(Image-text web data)
---

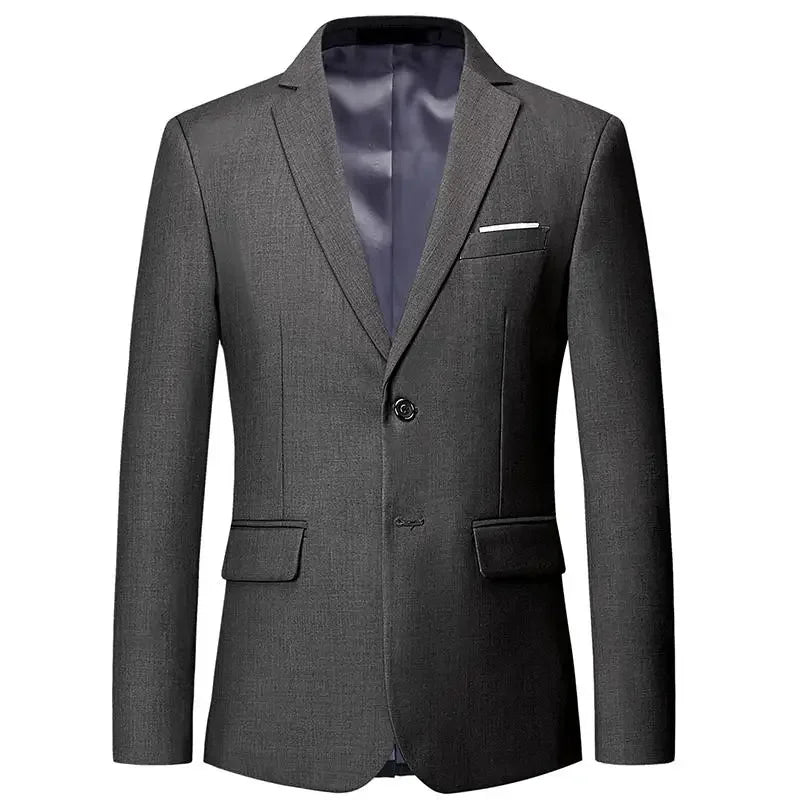 Hommes blanc vestes formelles deux Bittons à manches longues coréen hommes costume vestes tenue de bureau Blazer de mariage Camara Shopping Hommes blanc vestes formelles deux Bittons à manches longues coréen hommes costume vestes tenue de bureau Blazer de mariage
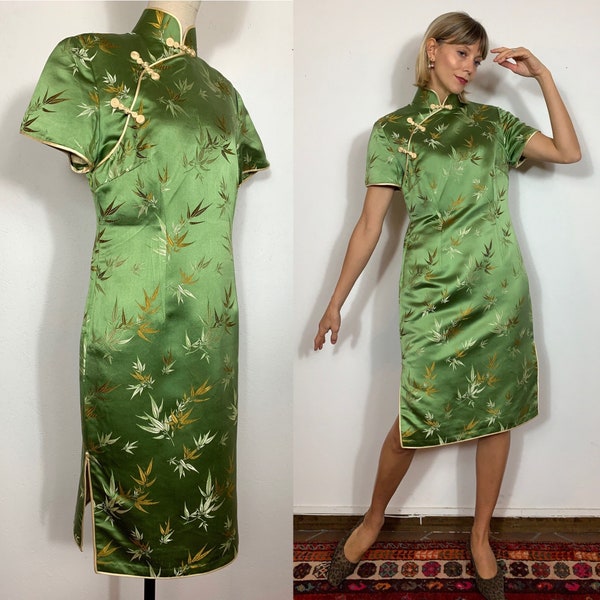 Belle robe chinoise vintage, robe orientale, robe de cocktail, robe d’événement formelle, robe boho.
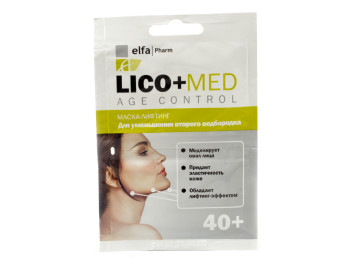 Маска-ліфтинг "Elfa Pharm" - Lico+Med для зменшення другого підборіддя 40+ 20мл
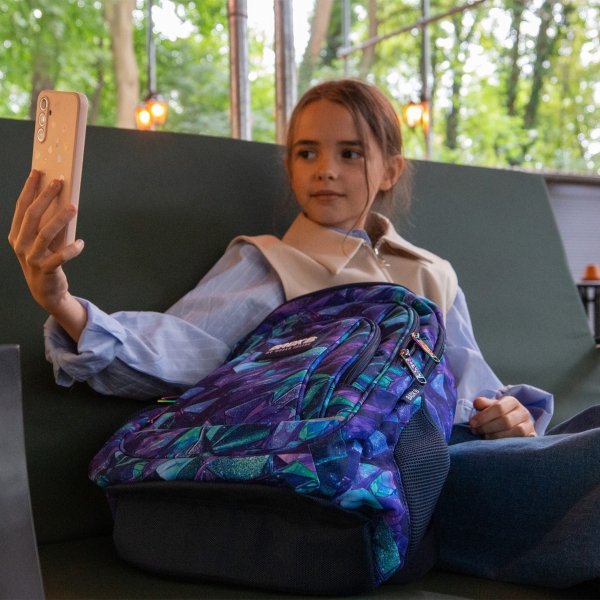 PLECAK BACKUP SZKOLNY MŁODZIEŻOWY DLA DZIEWCZYNY CRYSTAL 4 KOMOROWY POJEMNY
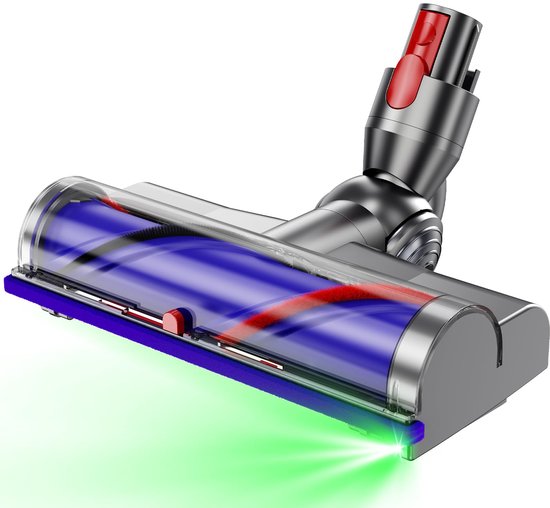 Stofzuigerborstel - Aangedreven Zuigmond Geschikt voor Dyson Steelstofzuiger V8/V10/V11/V15/G5 - Turbo Borstel - Vloerzuigmond - Blauw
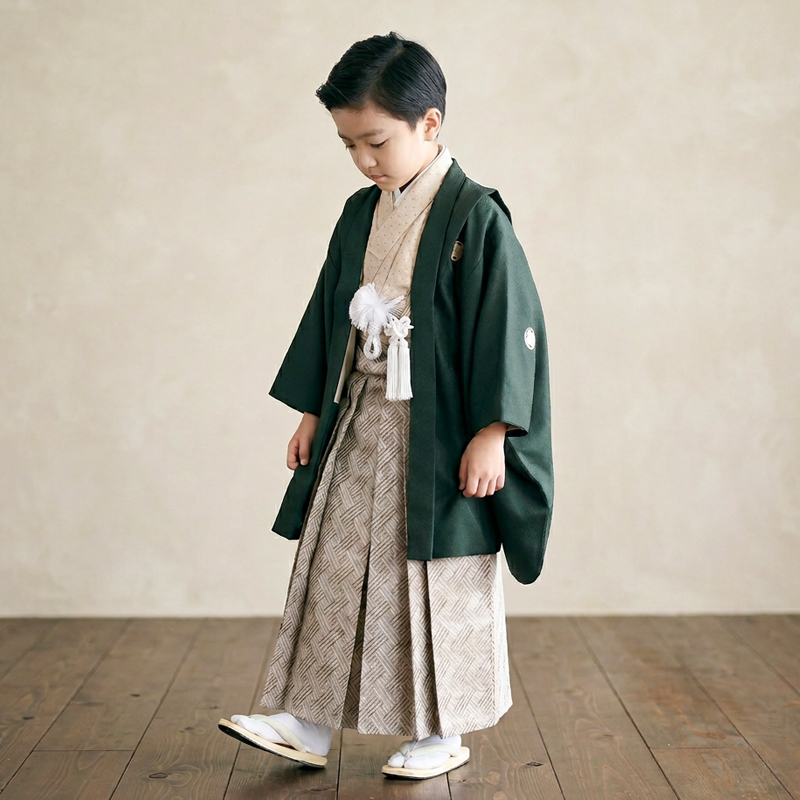 七五三着物5歳男の子画像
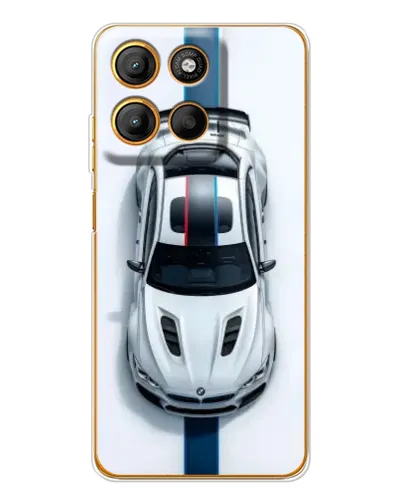 Чехол для Motorola Edge 60 Fusion с картинкой «Вид сверху — BMW M»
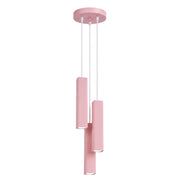 Lampada a sospensione RAYO 3P rosa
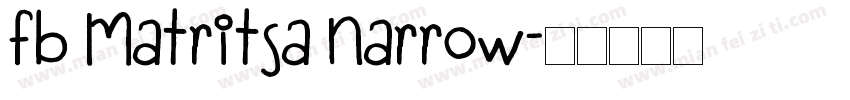Fb Matritsa Narrow字体转换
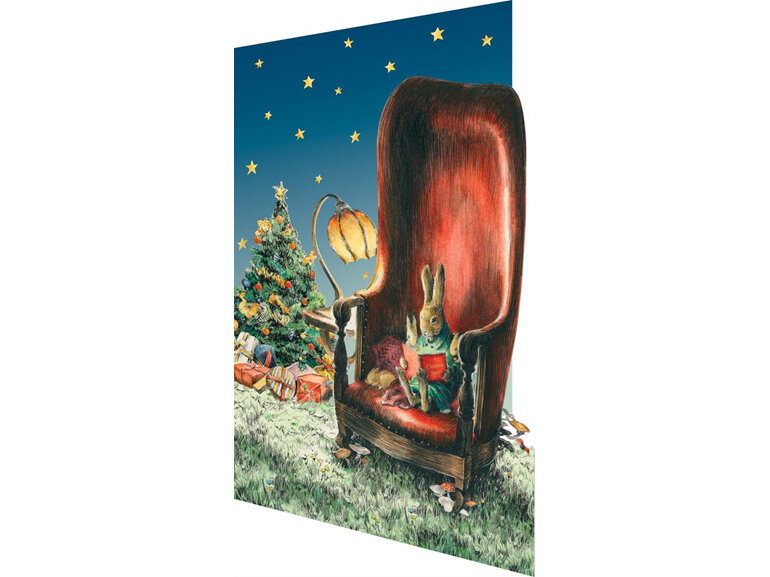 Share the joy of Christmas with this set of 5 cards from Roger La Borde.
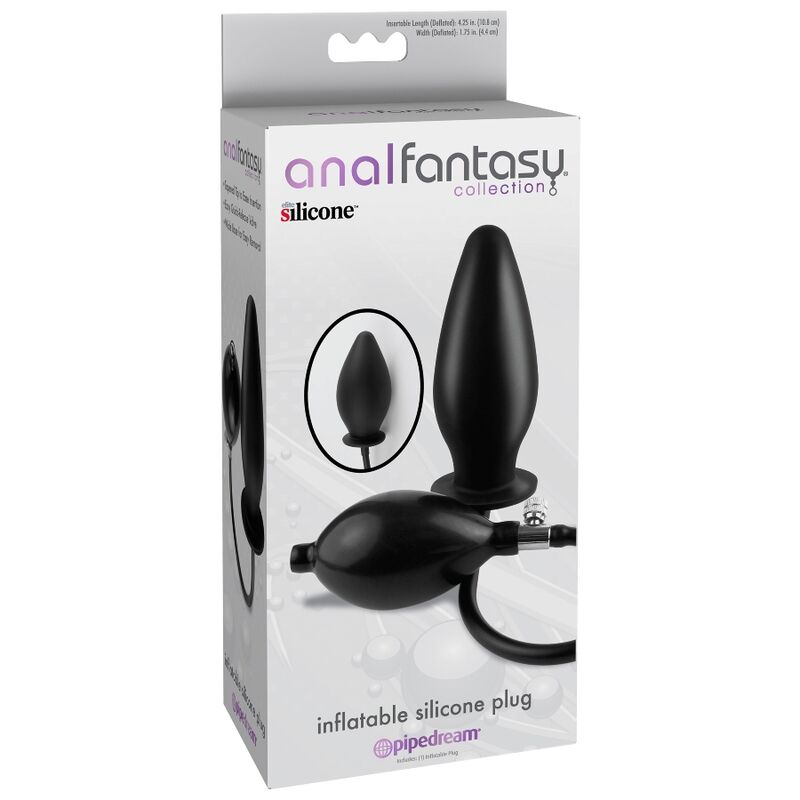 ANAL FANTASY - DMUCHANY KOREK SILIKONOWY
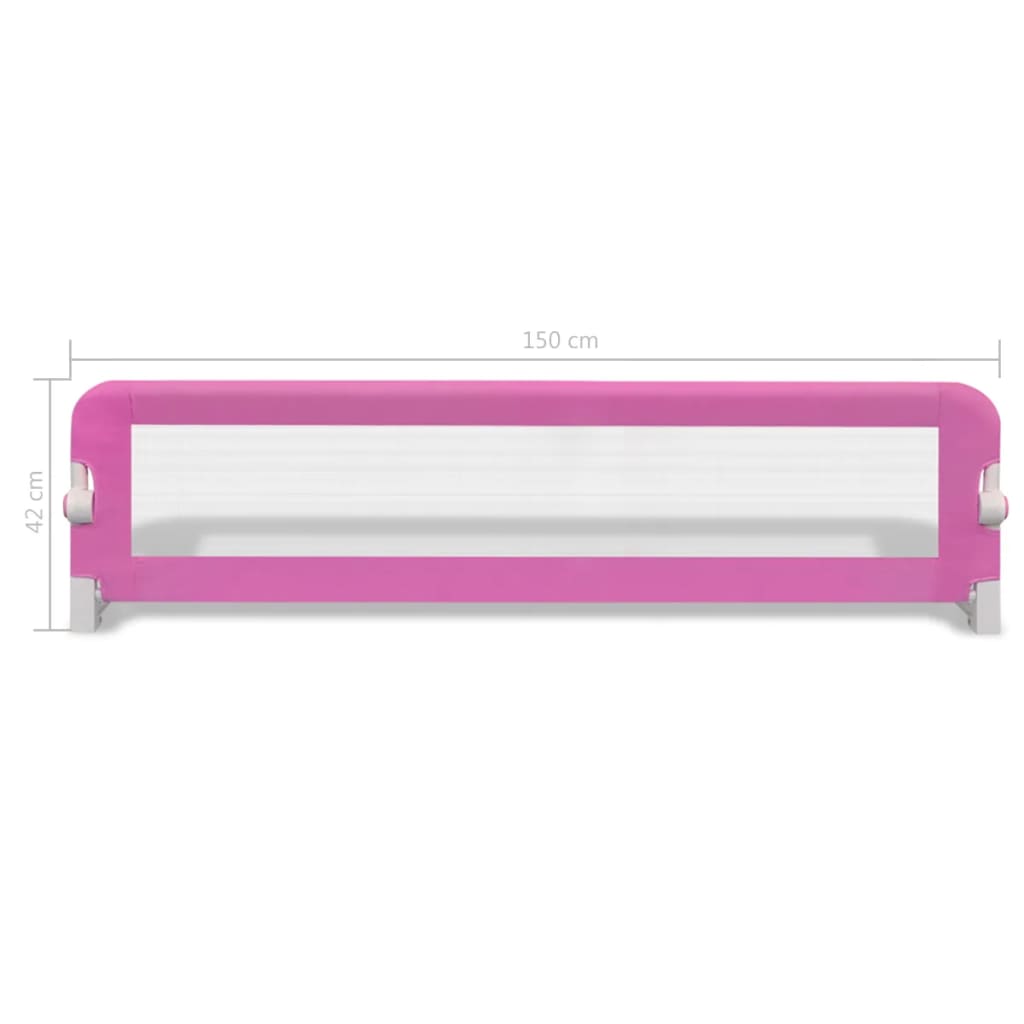 Kinderbedhekjes 2 st 150x42 cm roze is nu te koop bij PeponiXL, paradijselijk wonen!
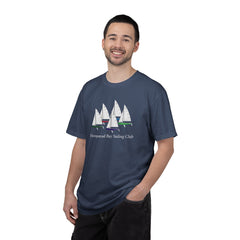Hempstead Bay Sailing Club T-Shirt — Vintage Sailboat Race Day Tee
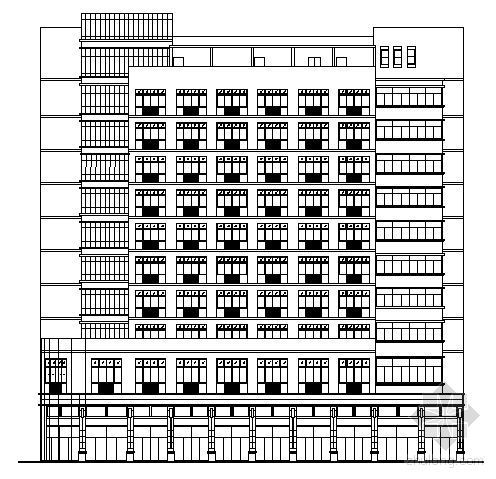 小高层建筑住宅方案资料下载-某十一层办公小高层建筑方案图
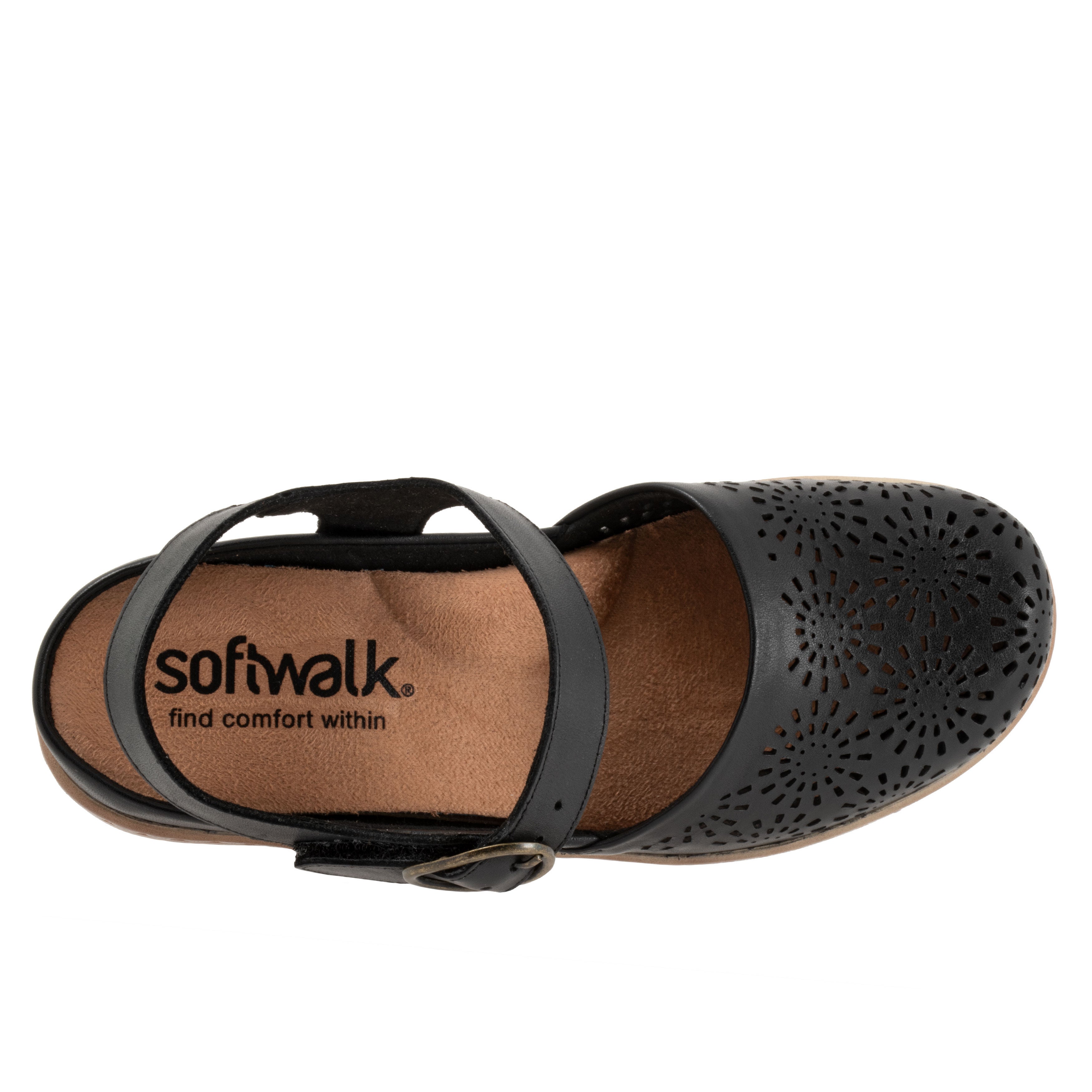 Mabelle Perf Clog, BLACK, alternate image number 3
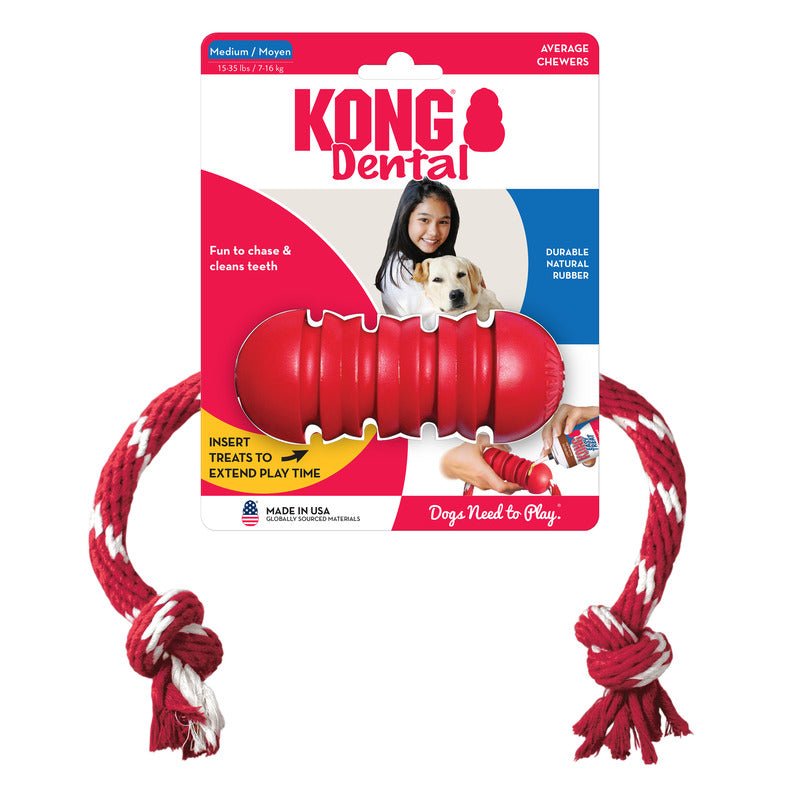 KONG® Dental avec corde - Le Royaume de Lecki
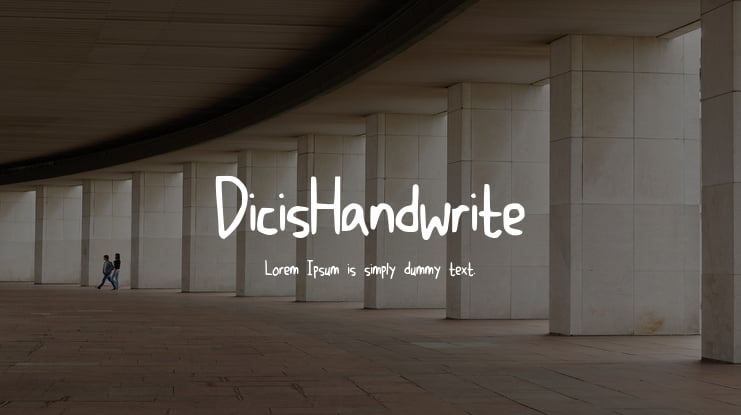 DicisHandwrite Font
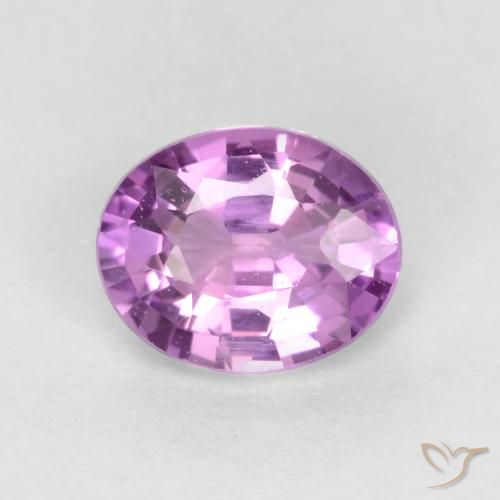 0.48ct Natürlicher Lila Lila Saphir, Oval, VVS-VS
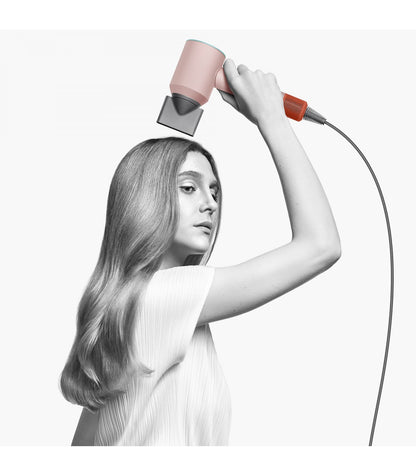 Dyson Supersonic HD07 Hair Dryer — Pop Pink — product and feature view 3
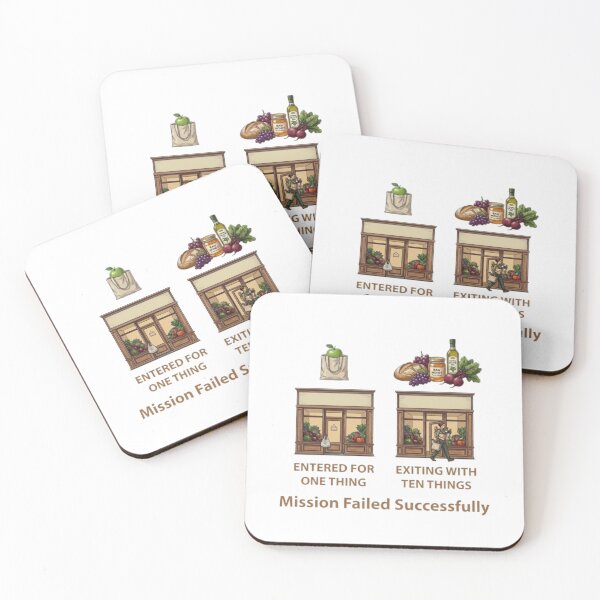 Item preview, Misión fallida: ¡Compras de supermercado exitosas! – Meme sarcástico y divertido sobre compras designed and sold by Northern Glow Art.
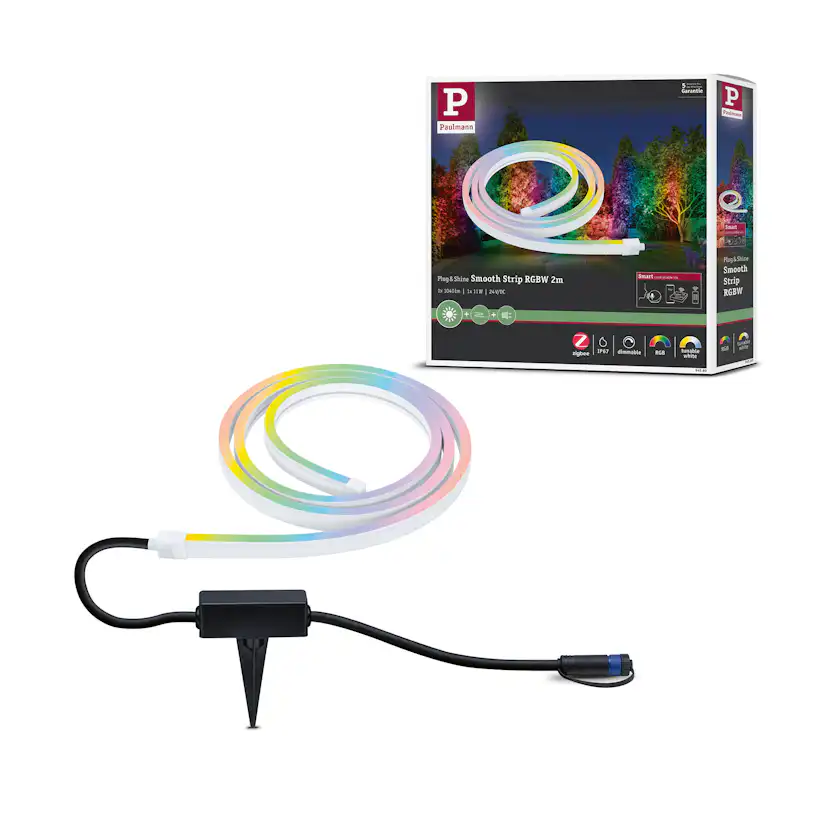 LED-strip Paulmann Smooth Plug & Shine IP67 24V Ljus: RGBW+, Längd: 2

---

(GOAL OF THE EXERCISE): Output exactly the lines above, beginning at the one with "Hempstead Bay Sailing" and stopping after the one with "Dyson Supersonic HD07". Pictures are to be omitted.

(SOLUTION TO THE PROBLEM):
Hempstead Bay Sailing Club T-Shirt — Vintage Sailboat Race Day Tee
 小高层建筑住宅方案资料下载-某十一层办公小高层建筑方案图
 Mabelle Perf Clog, BLACK, alternate image number 3
 KONG® Dental avec corde - Le Royaume de Lecki
 DicisHandwrite Font
 0.48ct Natürlicher Lila Lila Saphir, Oval, VVS-VS
 Dyson Supersonic HD07 Hair Dryer — Pop Pink — product and feature view 3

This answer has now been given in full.